Слухи шли по большой зале, что младший император Святослав и не знает еще, что случилось, и когда узнает, неизвестно. Он вроде бы ушел в поход на Нубию, а это полгода, а то и год. А раз так…
— Пожалуйте к столу, сиятельные! — в зал вышел кравчий, очередной потомок покойного Душана, круглый, словно шар. Мужи из этого рода, мучаясь от избытка пищи, умирали рано, к вящей зависти окружающих. Смерть от обжорства по-прежнему считалась на редкость почетной. В этом мире обычно погибали по куда более прозаичным причинам. От голода, например.
Знать, шумно обсуждая новости, повалила в обеденные покои, где все заняли положенные им места, ревниво поглядывая на соседей. А ну как худородный рядом сядет, или тот, кто недавно боярскую шапку получил. Невместно сие и позор великий!
Стол ломился от яств и выпивки, и нобили, придвинув к себе серебряную посуду, начали накладывать жареное мясо, сало, кур и десяток видов хлеба. Сегодня все было по-простому, кроме каши из нечастого пока риса. Он ценился куда дороже, чем белужья икра, которая стояла на столе в серебряных ковшах.
— Дзынь-дзынь-дзынь!
Патриарх Григорий, который хоть и поседел как лунь, но оставался по-прежнему худ и подвижен, постучал вилкой по серебряному кубку. Замолчали все, включая ханов-язычников и словенских владык из лесной глухомани, поклонявшихся дедовским деревянным идолам. Владыку уважали все. Ведь когда заходил спор о его святости, то последним аргументом в споре становился двадцатилетний бренди, настоянный в бочке из лимузенского дуба в подвалах патриаршего двора. Тут даже закоренелый поклонник старых богов нехотя признавал, что определенное благословение небес над этим человеком присутствует, иначе как еще можно выгнать пойло такого качества.
— Поднимем кубки, сиятельные! — горестно сказал Григорий. — Господь оставил нас милостью своей! Наш государь, одаренный множеством добродетелей, покинул мир этот и перешел в мир иной.

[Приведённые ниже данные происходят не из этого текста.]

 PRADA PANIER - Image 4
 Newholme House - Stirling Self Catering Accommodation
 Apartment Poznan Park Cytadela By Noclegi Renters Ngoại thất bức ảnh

Пусть господь посадит его по правую руку от себя! Мир его праху!
— Мир! — подхватили нобили и опрокинули кубки в свои луженые глотки.
После этого речи полились одна за другой, и тональность в них звучала разная. От откровенного, совершенно искреннего горя до едва прикрытого злорадства. Кое-кто уже выпил слишком много, и правда перла наружу неудержимым потоком.